Qualifying for disability benefits with this condition
Whether or not you qualify for disability and, as a result, are approved for disability benefits will depend entirely on the information obtained from your medical records.
This includes whatever statements and treatment notes that may have been obtained from your treating physician (a doctor who has a history of treating your condition and is, therefore, qualified to comment as to your condition and prognosis). It also includes discharge summaries from hospital stays, reports of imaging studies (such as xrays, MRIs, and CT scans) and lab panels (i.e. bloodwork) as well as reports from physical therapy.
In many disability claims, it may also include the results of a report issued by an independent physician who examines you at the request of the Social Security Administration.
Qualifying for SSD or SSI benefits will also depend on the information obtained from your vocational, or work, history if you are an adult, or academic records if you are a minor-age child. In the case of adults, your work history information will allow a disability examiner (examiners make decisions at the initial claim and reconsideration appeal levels, but not at the hearing level where a judges decides the outcome of the case) to A) classify your past work, B) determine the physical and mental demands of your past work, C) decide if you can go back to a past job, and D) whether or not you have the ability to switch to some type of other work.
The important thing to keep in mind is that the social security administration does not award benefits based on simply having a condition, but, instead, will base an approval or denial on the extent to which a condition causes functional limitations.
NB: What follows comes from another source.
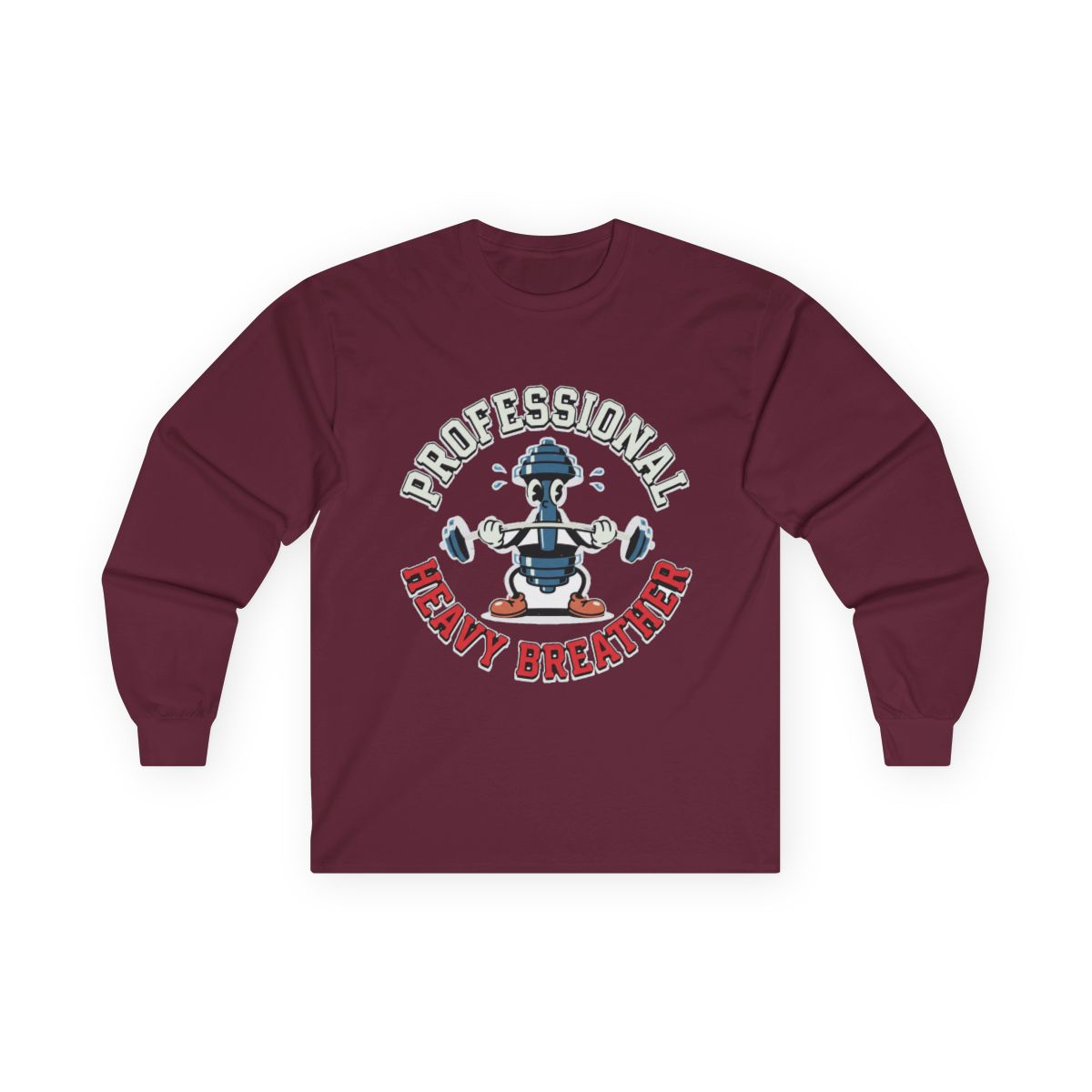 Professional Heavy Breather Retro Mascot Long Sleeve — lifestyle photo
Functional limitations can be great enough to make work activity not possible (or, for a child, make it impossible to engage in age-appropriate activities).
Why are so many disability cases lost at the disability application and reconsideration appeal levels?
There are several reasons but here are just two:
1) Social Security makes no attempt to obtain a statement from a claimant's treating physician. By contrast, at the hearing level, a claimant's disability attorney or disability representative will generally obtain and present this type of statement to a judge.
Note: it is not enough for a doctor to simply state that their patient is disabled. To satisy Social Security's requirements, the physician must list in what ways and to what extent the individual is functionally limited. For this reason, many representatives and attorneys request that the physician fill out and sign a specialized medical source statement that captures the correct information. Solid Supporting statements from physicians easily make the difference between winning or losing a disability case at the hearing level.
2) Prior to the hearing level, a claimant will not have the opportunity to explain how their condition limits them, nor will their attorney or representative have the opportunity to make a presentation based on the evidence of the case. This is because at the initial levels of the disability system, a disability examiner decides the case without meeting the claimant. The examiner may contact the claimant to gather information on activities of daily living and with regard to medical treatment or past jobs, but usually nothing more. At the hearing level, however, presenting an argument for approval based on medical evidence that has been obtained and submitted is exactly what happens.